Breve nota sul relativismo.

di Rosario Amico Roxas

Si intrecciano le discussioni intorno al “relativismo”, ma senza chiarire cosa  sta nel calderone relativistico, esprimendo condanne generalizzate o assoluzioni formali.

Bisogna partire dalla considerazione che il relativismo non è una teoria o una ideologia, bensì un “metodo” di analisi e, quindi, di valutazione, che, per avere valenza scientifica, non può operare scelte a monte secondo i modelli culturali evidenziati da una sola parte.

L’esigenza di uno studio approfondito delle varie culture si è fatta urgente alla luce della mondializzazione che prevede una possibile e necessaria integrazione tra popoli di culture diverse. L’imposizione di una cultura, senza le dovute tappe frutto di analisi sociologiche, antropologiche, etiche, psicologiche, lungi dall’essere viatico di integrazione diventa una forma mimetizzata di coercizione. 

L’elemento estraneo che si inserisce dentro una cultura diversa deve affrontare il problema della ri-socializzazione, intesa come adeguamento ai nuovi parametri vigenti nella cultura ospite.

In un primo momento scatta lo “shock culturale” che può essere facilmente superato se la cultura ospite favorisce il nuovo arrivato e ne promuove l’integrazione; ma quando la cultura ospite manifesta ostilità  e rifiuto allora avviene  un “eclissi culturale” (v. Rosario Amico Roxas, Tunisie: le defi du 2000, ed. Universitaires La Manhnuoba, Tunisi 2001), inteso come mancanza di ogni riferimento: manca la propria cultura perché disapprovata e respinta e manca la nuova cultura perché non favorita nel recepimento, nella comprensione e nell’adattamento.
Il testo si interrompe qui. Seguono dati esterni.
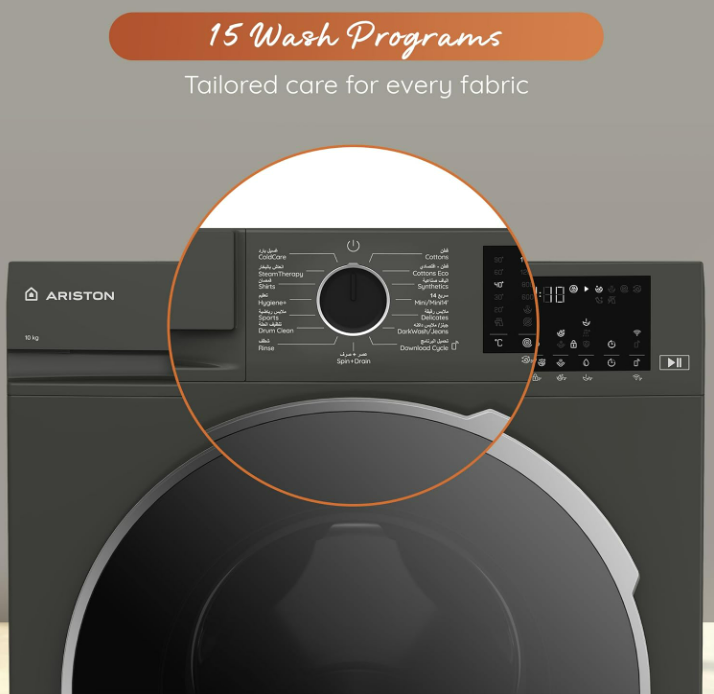 ARISTON ARWF10143DMME 10KG Front Load Washing Machine – 1400 RPM, Steam Therapy, WiFi Connectivity, Manhattan Grey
Tutto ciò provoca una regressione culturale che porta il nuovo arrivato a richiudersi dentro i propri valori, come in un torre, isolandosi dal contesto che lo respinge. L’analisi sociologica serve proprio a questo, a valutare le condizioni migliori perché l’integrazione diventi un momento costruttivo e non demolitore del patrimonio che ognuno porta con sé.

Devono essere gli stessi appartenenti al nuovo gruppo, adeguatamente istruiti, che devono farsi portatori delle nuove norme e dei nuovi modelli culturali e condurre per mano il proprio gruppo verso l’accoglimento dei valori culturali che li ospitano; ipotizzare, come avviene, il metodo coercitivo conduce inevitabilmente a scontri  e incomprensioni difficilmente sanabili.

L’idea dell’eclissi culturale che svuota i singoli di ogni valore e li lascia sbandati dentro un coacervo di ipotesi che non conoscono, rappresenta l’antitesi del dialogo e del confronto.

Peraltro viene denigrato il relativismo, ma solo per poterlo applicare lì dove più conviene:

il federalismo fiscale è relativismo perché  premia talune regioni che per motivi contingenti si ritrovano a godere di una migliore e più proficua produttività, per penalizzare le altre che quei motivi contingenti e temporanei non hanno.  

L’utilizzo differenziato della giustizia è relativismo, specie quanto propone tolleranza zero per taluni reati e massima tolleranza per altri reati, addirittura legiferando per ammorbidire l’impatto del reato con il concetto di giustizia, come la depenalizzazione di taluni reati.

L’uso della Sanità non equilibrato è relativismo quando fornisce servizi primari da una parte e malasanità da un’altra. E così via.

Trasportare poi l’anti-relativismo sul terreno della ricerca del giusto e del non giusto, del vero e del falso, rischia di riportarci ad una nuova sofistica, dove giusto e vero coincidono con le scelte del più forte e servono solo a dilatare sempre più la forbice che divide i possessori dai nullatenenti, i produttori dai consumatori, i creditori dai debitori,  elevando un muro insonorizzato attraverso il quale ogni ipotesi di dialogo diventa impossibile.